═════ DATASET CONTENT
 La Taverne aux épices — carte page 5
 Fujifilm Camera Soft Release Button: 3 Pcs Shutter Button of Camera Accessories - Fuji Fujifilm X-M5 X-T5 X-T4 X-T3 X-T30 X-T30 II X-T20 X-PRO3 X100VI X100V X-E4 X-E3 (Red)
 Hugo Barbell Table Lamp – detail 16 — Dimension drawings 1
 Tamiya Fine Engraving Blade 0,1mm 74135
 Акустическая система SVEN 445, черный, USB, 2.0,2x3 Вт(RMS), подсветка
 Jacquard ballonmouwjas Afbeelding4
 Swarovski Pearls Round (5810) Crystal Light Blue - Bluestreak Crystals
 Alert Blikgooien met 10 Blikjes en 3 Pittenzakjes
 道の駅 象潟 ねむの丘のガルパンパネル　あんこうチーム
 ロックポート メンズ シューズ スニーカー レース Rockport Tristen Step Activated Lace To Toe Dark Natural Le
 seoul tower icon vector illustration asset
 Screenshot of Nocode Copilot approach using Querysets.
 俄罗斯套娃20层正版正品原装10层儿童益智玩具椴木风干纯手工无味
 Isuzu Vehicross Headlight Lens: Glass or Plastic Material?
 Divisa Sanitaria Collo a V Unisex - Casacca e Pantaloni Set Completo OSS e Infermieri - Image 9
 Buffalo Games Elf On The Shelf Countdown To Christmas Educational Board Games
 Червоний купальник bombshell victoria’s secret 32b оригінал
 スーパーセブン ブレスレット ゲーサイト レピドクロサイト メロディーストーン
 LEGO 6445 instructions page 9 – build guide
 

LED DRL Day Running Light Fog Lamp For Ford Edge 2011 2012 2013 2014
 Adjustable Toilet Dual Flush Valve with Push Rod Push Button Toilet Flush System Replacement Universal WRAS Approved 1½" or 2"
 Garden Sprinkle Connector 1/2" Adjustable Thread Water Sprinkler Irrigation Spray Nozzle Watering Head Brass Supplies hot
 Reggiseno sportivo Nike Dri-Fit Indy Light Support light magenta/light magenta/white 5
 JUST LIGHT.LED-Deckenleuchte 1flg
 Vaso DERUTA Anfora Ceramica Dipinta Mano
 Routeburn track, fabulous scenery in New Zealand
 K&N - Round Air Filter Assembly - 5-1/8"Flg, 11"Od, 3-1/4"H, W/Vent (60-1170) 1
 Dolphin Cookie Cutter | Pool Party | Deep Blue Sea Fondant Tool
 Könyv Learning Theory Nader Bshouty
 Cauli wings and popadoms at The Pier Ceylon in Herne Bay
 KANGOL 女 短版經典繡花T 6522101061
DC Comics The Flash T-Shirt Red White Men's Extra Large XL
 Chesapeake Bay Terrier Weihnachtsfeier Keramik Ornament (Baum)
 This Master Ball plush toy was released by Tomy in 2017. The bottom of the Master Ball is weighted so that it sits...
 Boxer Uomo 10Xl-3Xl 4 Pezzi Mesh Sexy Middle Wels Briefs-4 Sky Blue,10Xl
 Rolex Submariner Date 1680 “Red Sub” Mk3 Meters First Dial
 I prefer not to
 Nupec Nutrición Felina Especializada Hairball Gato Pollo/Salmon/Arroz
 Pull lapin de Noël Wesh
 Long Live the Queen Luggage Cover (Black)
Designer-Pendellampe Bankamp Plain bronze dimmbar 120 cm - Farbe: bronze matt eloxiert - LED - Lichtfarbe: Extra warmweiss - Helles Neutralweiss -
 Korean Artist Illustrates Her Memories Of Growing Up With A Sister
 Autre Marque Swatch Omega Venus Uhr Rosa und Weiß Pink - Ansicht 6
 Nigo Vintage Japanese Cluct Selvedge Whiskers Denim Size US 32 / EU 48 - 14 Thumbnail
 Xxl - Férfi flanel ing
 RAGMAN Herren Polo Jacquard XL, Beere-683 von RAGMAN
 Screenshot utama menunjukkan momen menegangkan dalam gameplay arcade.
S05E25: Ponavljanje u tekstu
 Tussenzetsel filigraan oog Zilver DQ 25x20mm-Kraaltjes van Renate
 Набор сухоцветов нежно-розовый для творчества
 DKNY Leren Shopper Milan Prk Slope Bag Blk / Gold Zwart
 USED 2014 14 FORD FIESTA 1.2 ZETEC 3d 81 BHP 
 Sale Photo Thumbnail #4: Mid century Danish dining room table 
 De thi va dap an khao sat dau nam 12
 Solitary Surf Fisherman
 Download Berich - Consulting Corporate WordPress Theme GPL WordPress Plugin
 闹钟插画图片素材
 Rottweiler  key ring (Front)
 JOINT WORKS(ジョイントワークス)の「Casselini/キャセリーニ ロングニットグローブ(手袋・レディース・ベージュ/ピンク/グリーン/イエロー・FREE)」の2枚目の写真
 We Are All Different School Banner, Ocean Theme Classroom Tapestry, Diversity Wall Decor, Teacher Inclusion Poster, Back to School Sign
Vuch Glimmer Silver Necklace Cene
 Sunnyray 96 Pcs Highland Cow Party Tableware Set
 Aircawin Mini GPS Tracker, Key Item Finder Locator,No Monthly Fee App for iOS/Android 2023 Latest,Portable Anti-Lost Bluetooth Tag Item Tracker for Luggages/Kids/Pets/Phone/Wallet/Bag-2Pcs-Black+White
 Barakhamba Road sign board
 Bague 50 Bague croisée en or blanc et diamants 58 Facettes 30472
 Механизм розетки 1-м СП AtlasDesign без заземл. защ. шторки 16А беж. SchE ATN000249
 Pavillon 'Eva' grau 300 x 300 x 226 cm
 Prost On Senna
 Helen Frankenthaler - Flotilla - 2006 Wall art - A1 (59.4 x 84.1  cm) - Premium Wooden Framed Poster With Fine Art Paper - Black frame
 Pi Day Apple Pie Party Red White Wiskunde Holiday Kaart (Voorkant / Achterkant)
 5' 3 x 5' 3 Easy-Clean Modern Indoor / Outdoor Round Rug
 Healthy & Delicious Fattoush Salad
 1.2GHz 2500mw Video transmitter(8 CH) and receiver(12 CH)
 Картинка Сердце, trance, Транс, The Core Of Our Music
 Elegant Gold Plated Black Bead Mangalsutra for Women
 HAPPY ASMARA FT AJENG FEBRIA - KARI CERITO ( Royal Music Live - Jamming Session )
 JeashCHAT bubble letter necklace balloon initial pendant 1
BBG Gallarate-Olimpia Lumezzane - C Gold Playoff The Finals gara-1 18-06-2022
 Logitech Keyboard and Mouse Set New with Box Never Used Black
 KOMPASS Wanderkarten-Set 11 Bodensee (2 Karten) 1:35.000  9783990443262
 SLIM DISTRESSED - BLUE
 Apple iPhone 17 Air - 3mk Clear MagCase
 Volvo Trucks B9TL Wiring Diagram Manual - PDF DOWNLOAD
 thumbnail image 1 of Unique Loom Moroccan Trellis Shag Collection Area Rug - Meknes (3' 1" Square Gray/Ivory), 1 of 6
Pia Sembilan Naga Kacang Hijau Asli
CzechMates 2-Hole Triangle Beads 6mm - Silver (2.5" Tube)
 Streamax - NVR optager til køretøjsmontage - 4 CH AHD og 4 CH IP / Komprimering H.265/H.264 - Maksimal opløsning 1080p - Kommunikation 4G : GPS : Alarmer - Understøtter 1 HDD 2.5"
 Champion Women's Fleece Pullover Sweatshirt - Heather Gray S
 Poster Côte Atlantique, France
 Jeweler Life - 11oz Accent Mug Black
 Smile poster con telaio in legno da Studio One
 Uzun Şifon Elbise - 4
══════════
TASK DETAILS: Extract every entry above as it appears.

ANSWER TO THE PROBLEM:
 La Taverne aux épices — carte page 5
 Fujifilm Camera Soft Release Button: 3 Pcs Shutter Button of Camera Accessories - Fuji Fujifilm X-M5 X-T5 X-T4 X-T3 X-T30 X-T30 II X-T20 X-PRO3 X100VI X100V X-E4 X-E3 (Red)
 Hugo Barbell Table Lamp – detail 16 — Dimension drawings 1
 Tamiya Fine Engraving Blade 0,1mm 74135
 Акустическая система SVEN 445, черный, USB, 2.0,2x3 Вт(RMS), подсветка
 Jacquard ballonmouwjas Afbeelding4
 Swarovski Pearls Round (5810) Crystal Light Blue - Bluestreak Crystals
 Alert Blikgooien met 10 Blikjes en 3 Pittenzakjes
 道の駅 象潟 ねむの丘のガルパンパネル　あんこうチーム
 ロックポート メンズ シューズ スニーカー レース Rockport Tristen Step Activated Lace To Toe Dark Natural Le
 seoul tower icon vector illustration asset
 Screenshot of Nocode Copilot approach using Querysets.
 俄罗斯套娃20层正版正品原装10层儿童益智玩具椴木风干纯手工无味
 Isuzu Vehicross Headlight Lens: Glass or Plastic Material?
 Divisa Sanitaria Collo a V Unisex - Casacca e Pantaloni Set Completo OSS e Infermieri - Image 9
 Buffalo Games Elf On The Shelf Countdown To Christmas Educational Board Games
 Червоний купальник bombshell victoria’s secret 32b оригінал
 スーパーセブン ブレスレット ゲーサイト レピドクロサイト メロディーストーン
 LEGO 6445 instructions page 9 – build guide
 

LED DRL Day Running Light Fog Lamp For Ford Edge 2011 2012 2013 2014
 Adjustable Toilet Dual Flush Valve with Push Rod Push Button Toilet Flush System Replacement Universal WRAS Approved 1½" or 2"
 Garden Sprinkle Connector 1/2" Adjustable Thread Water Sprinkler Irrigation Spray Nozzle Watering Head Brass Supplies hot
 Reggiseno sportivo Nike Dri-Fit Indy Light Support light magenta/light magenta/white 5
 JUST LIGHT.LED-Deckenleuchte 1flg
 Vaso DERUTA Anfora Ceramica Dipinta Mano
 Routeburn track, fabulous scenery in New Zealand
 K&N - Round Air Filter Assembly - 5-1/8"Flg, 11"Od, 3-1/4"H, W/Vent (60-1170) 1
 Dolphin Cookie Cutter | Pool Party | Deep Blue Sea Fondant Tool
 Könyv Learning Theory Nader Bshouty
 Cauli wings and popadoms at The Pier Ceylon in Herne Bay
 KANGOL 女 短版經典繡花T 6522101061
DC Comics The Flash T-Shirt Red White Men's Extra Large XL
 Chesapeake Bay Terrier Weihnachtsfeier Keramik Ornament (Baum)
 This Master Ball plush toy was released by Tomy in 2017. The bottom of the Master Ball is weighted so that it sits...
 Boxer Uomo 10Xl-3Xl 4 Pezzi Mesh Sexy Middle Wels Briefs-4 Sky Blue,10Xl
 Rolex Submariner Date 1680 “Red Sub” Mk3 Meters First Dial
 I prefer not to
 Nupec Nutrición Felina Especializada Hairball Gato Pollo/Salmon/Arroz
 Pull lapin de Noël Wesh
 Long Live the Queen Luggage Cover (Black)
Designer-Pendellampe Bankamp Plain bronze dimmbar 120 cm - Farbe: bronze matt eloxiert - LED - Lichtfarbe: Extra warmweiss - Helles Neutralweiss -
 Korean Artist Illustrates Her Memories Of Growing Up With A Sister
 Autre Marque Swatch Omega Venus Uhr Rosa und Weiß Pink - Ansicht 6
 Nigo Vintage Japanese Cluct Selvedge Whiskers Denim Size US 32 / EU 48 - 14 Thumbnail
 Xxl - Férfi flanel ing
 RAGMAN Herren Polo Jacquard XL, Beere-683 von RAGMAN
 Screenshot utama menunjukkan momen menegangkan dalam gameplay arcade.
S05E25: Ponavljanje u tekstu
 Tussenzetsel filigraan oog Zilver DQ 25x20mm-Kraaltjes van Renate
 Набор сухоцветов нежно-розовый для творчества
 DKNY Leren Shopper Milan Prk Slope Bag Blk / Gold Zwart
 USED 2014 14 FORD FIESTA 1.2 ZETEC 3d 81 BHP 
 Sale Photo Thumbnail #4: Mid century Danish dining room table 
 De thi va dap an khao sat dau nam 12
 Solitary Surf Fisherman
 Download Berich - Consulting Corporate WordPress Theme GPL WordPress Plugin
 闹钟插画图片素材
 Rottweiler  key ring (Front)
 JOINT WORKS(ジョイントワークス)の「Casselini/キャセリーニ ロングニットグローブ(手袋・レディース・ベージュ/ピンク/グリーン/イエロー・FREE)」の2枚目の写真
 We Are All Different School Banner, Ocean Theme Classroom Tapestry, Diversity Wall Decor, Teacher Inclusion Poster, Back to School Sign
Vuch Glimmer Silver Necklace Cene
 Sunnyray 96 Pcs Highland Cow Party Tableware Set
 Aircawin Mini GPS Tracker, Key Item Finder Locator,No Monthly Fee App for iOS/Android 2023 Latest,Portable Anti-Lost Bluetooth Tag Item Tracker for Luggages/Kids/Pets/Phone/Wallet/Bag-2Pcs-Black+White
 Barakhamba Road sign board
 Bague 50 Bague croisée en or blanc et diamants 58 Facettes 30472
 Механизм розетки 1-м СП AtlasDesign без заземл. защ. шторки 16А беж. SchE ATN000249
 Pavillon 'Eva' grau 300 x 300 x 226 cm
 Prost On Senna
 Helen Frankenthaler - Flotilla - 2006 Wall art - A1 (59.4 x 84.1  cm) - Premium Wooden Framed Poster With Fine Art Paper - Black frame
 Pi Day Apple Pie Party Red White Wiskunde Holiday Kaart (Voorkant / Achterkant)
 5' 3 x 5' 3 Easy-Clean Modern Indoor / Outdoor Round Rug
 Healthy & Delicious Fattoush Salad
 1.2GHz 2500mw Video transmitter(8 CH) and receiver(12 CH)
 Картинка Сердце, trance, Транс, The Core Of Our Music
 Elegant Gold Plated Black Bead Mangalsutra for Women
 HAPPY ASMARA FT AJENG FEBRIA - KARI CERITO ( Royal Music Live - Jamming Session )
 JeashCHAT bubble letter necklace balloon initial pendant 1
BBG Gallarate-Olimpia Lumezzane - C Gold Playoff The Finals gara-1 18-06-2022
 Logitech Keyboard and Mouse Set New with Box Never Used Black
 KOMPASS Wanderkarten-Set 11 Bodensee (2 Karten) 1:35.000  9783990443262
 SLIM DISTRESSED - BLUE
 Apple iPhone 17 Air - 3mk Clear MagCase
 Volvo Trucks B9TL Wiring Diagram Manual - PDF DOWNLOAD
 thumbnail image 1 of Unique Loom Moroccan Trellis Shag Collection Area Rug - Meknes (3' 1" Square Gray/Ivory), 1 of 6
Pia Sembilan Naga Kacang Hijau Asli
CzechMates 2-Hole Triangle Beads 6mm - Silver (2.5" Tube)
 Streamax - NVR optager til køretøjsmontage - 4 CH AHD og 4 CH IP / Komprimering H.265/H.264 - Maksimal opløsning 1080p - Kommunikation 4G : GPS : Alarmer - Understøtter 1 HDD 2.5"
 Champion Women's Fleece Pullover Sweatshirt - Heather Gray S
 Poster Côte Atlantique, France
 Jeweler Life - 11oz Accent Mug Black
 Smile poster con telaio in legno da Studio One
 Uzun Şifon Elbise - 4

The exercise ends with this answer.